Dr. Scaglione explains that the study aimed to evaluate the impact of tinnitus education, possible methods for delivering the information to patients, and to provide a guideline for teaching patients coping mechanisms for tinnitus.

“The whole purpose of the study was to develop guidelines that audiologists, ENTs, and other physicians can use, to provide tinnitus education in their practice,” says Dr. Scaglione. “There wasn’t an agreement of the delivery model that should be used for tinnitus education. It ranged from one-on-one to group models, internet-delivered, and even pamphlets. However, there was a general agreement about the information that should be portrayed to patients or delivered, and this included teaching patients that tinnitus management involves coping with tinnitus, not curing tinnitus.”

Another resource is the In-Ear Monitor International Trade Organization (IEMITO). Its executive director, Mike Dias, described the goals of the IEMITO. “The mission of the IEMITO is to promote the uses and benefits of in-ear monitors,” states Dias. “We specialize in providing information regarding earphones and in-ear monitors that are generating sound, not passively blocking sound.”

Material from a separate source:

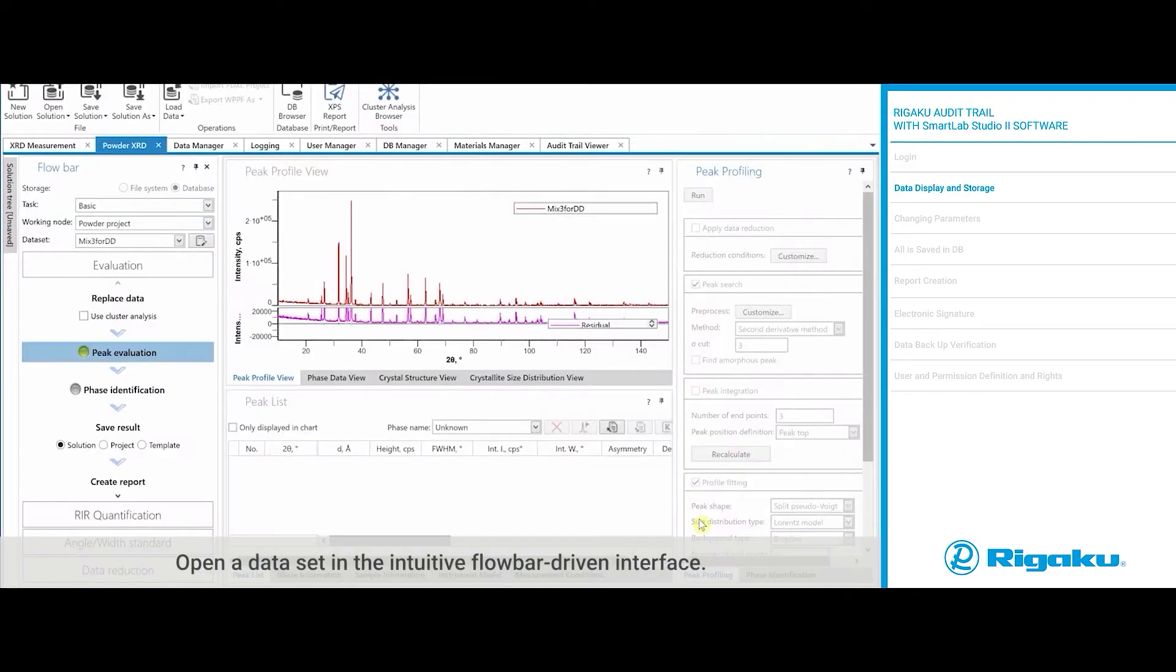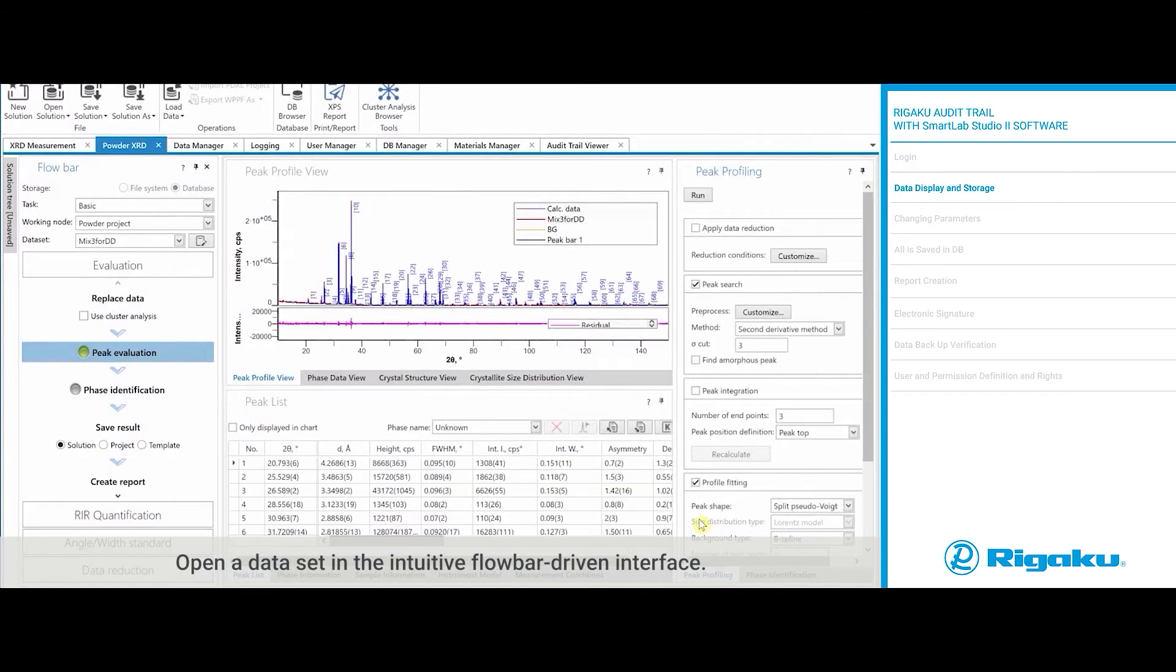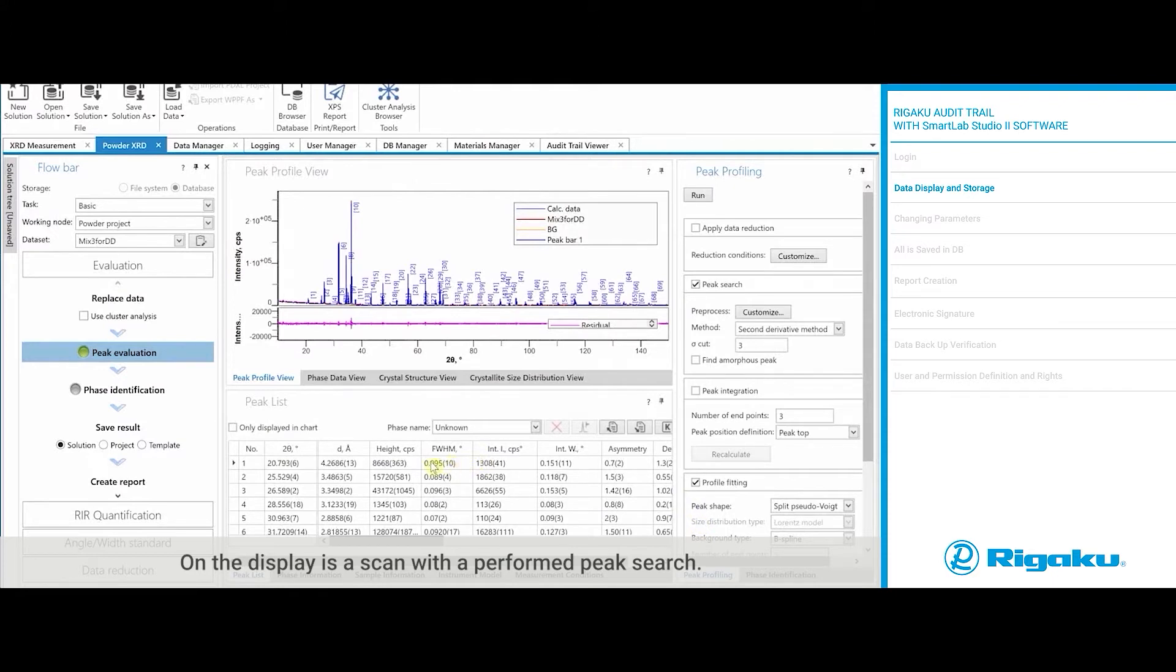Open a data set in the intuitive flow bar driven interface. On the display is a scan with a performed PEAK search. Review the PEAK parameters.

That said, when asked, Dias describes different settings when a musician may opt for musicians’ earplugs, and mentioned some characteristics. “You see people going into physical environments like clubs or concerts, or anywhere where it could be potentially dangerous, and not doing anything about it,” he says. “All musicians should have a custom-fit musician’s earplug with a linear filter. And even if it’s not a custom fit, there are some companies who are making wonderful products.”

In terms of potential hearing health conservation benefits related to using in-ear monitors versus wedges while performing at a concert, Dias states: “If properly used, you can choose to listen at a lower SPL than you would be on a loud stage trying to catch a feed off of your wedge.”

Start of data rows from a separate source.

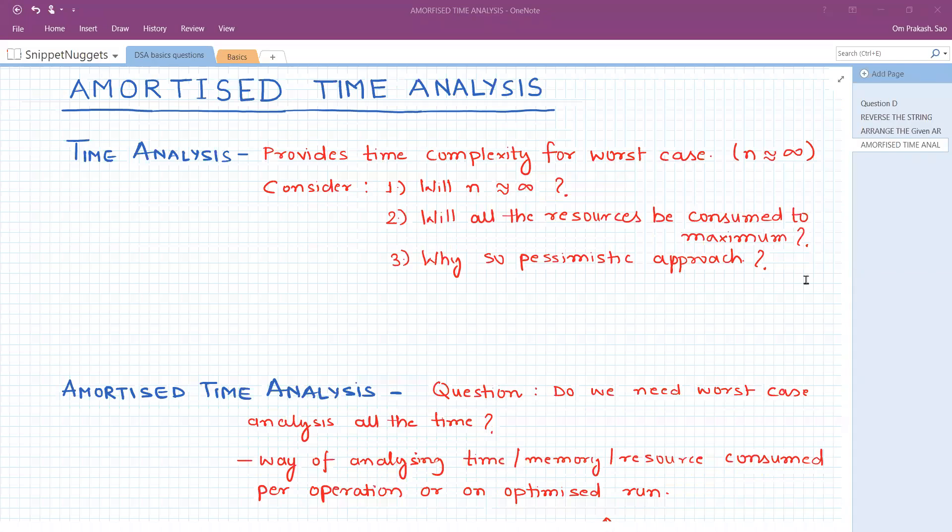Hello everyone. Welcome to SnippetBet. I'm Prakash and I'm going to explain in this video what is amortized time analysis.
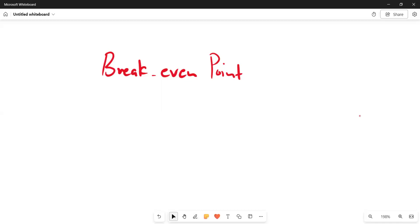Hello there. Welcome back to EPMN4. In this video, we want to look at the break-even points. We're going to define what we mean by a break-even point. The break-even point is a point where we are leaving our total cost equal to total revenue.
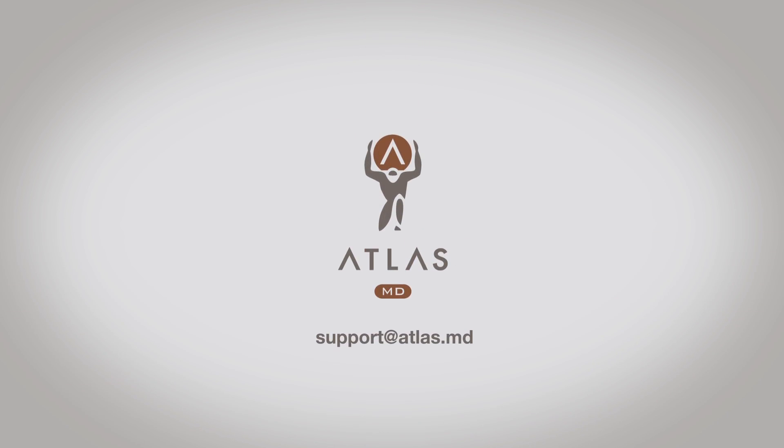If you have questions about importing your lab prices using the Importer tool, please reach out to support at atlas.md.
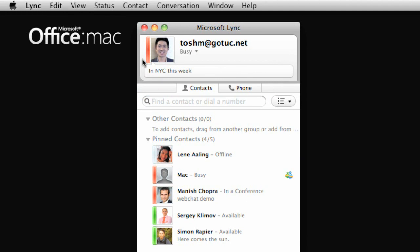Also, keep in mind that your presence status can be set manually through Lync for Mac or set automatically based on your availability in Outlook and your activity in Lync for Mac.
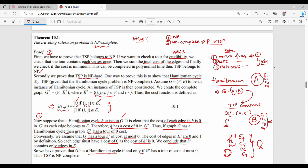If and only if G' has a tour of cost at most 0. We have proven that G has a Hamiltonian cycle if and only if G' has a tour of cost 0. Therefore, TSP is NP-complete.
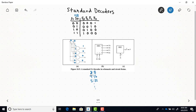You can also have a standard decoder where the outputs are inverted. If you have inverted outputs, you'll see little bubbles on the symbol, meaning you'd have NAND gates instead of AND gates. The only difference with inverted outputs is that the selected output would be 0 and all the rest of the outputs would be 1. So the truth table is just the inverse of what we had for the non-inverted case.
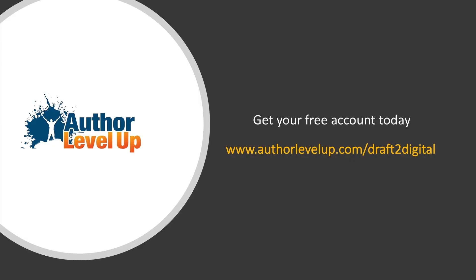If for some reason you have not heard of Draft2Digital or you would like to sign up for an account, you can do that for free at no charge. Just visit the link in the video description and I'll get you hooked up. Now this is an affiliate link, so if you do sign up for an account I do receive a small commission, but again that's at no cost to you. And if you found this video helpful, it's just an easy way to say thanks. Draft2Digital is not sponsoring this video—I just really believe in their service so much that I wanted to do this video to show you guys how helpful it is.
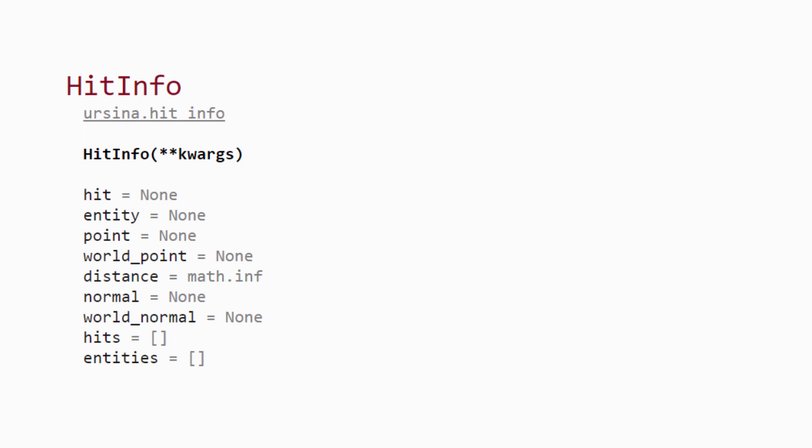There's the hit attribute, which will be true or false if something is hit with the ray or not. The entity attribute will return the entity object that the ray collided with. The point attribute will give the point relative to the entity, whereas the world point will give the point of collision relative to the scene. And then we've got distance, which is just pretty obvious. There's the normal and world normal, which will give the vector that is 90 degrees to the face which is collided with. And then finally we have hits and entities, which just return lists which are useful if lots of entities are hit with the ray.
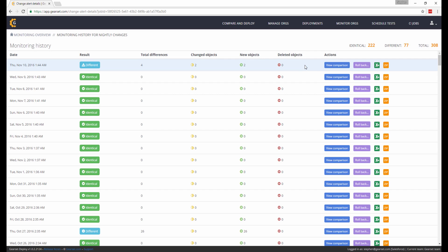For each job, you can see the total number of differences detected and a breakdown of how many of those differences are due to changed objects, objects that have been added, or objects that have been deleted each day. I can see on this day that four differences exist in my org's metadata compared to the day before, with two objects having changed and two new objects having been added.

In closing, Ken Caillat shared some wisdom about bucking perceptions, so that you can work as long as possible, and so you can outlast anyone in the business.

“Don’t let some 20-year-old bopper make fun of you, because when they get old someday, you know, you’re maybe pushing them around in a wheelchair,” says Caillat. “It’s all about the last man standing.”

Ian Cohen is a media and marketing professional. He writes about pro audio, immersive audio, audio storytellers, music creation/production, and artists. He’s also a closet music producer and gear junkie.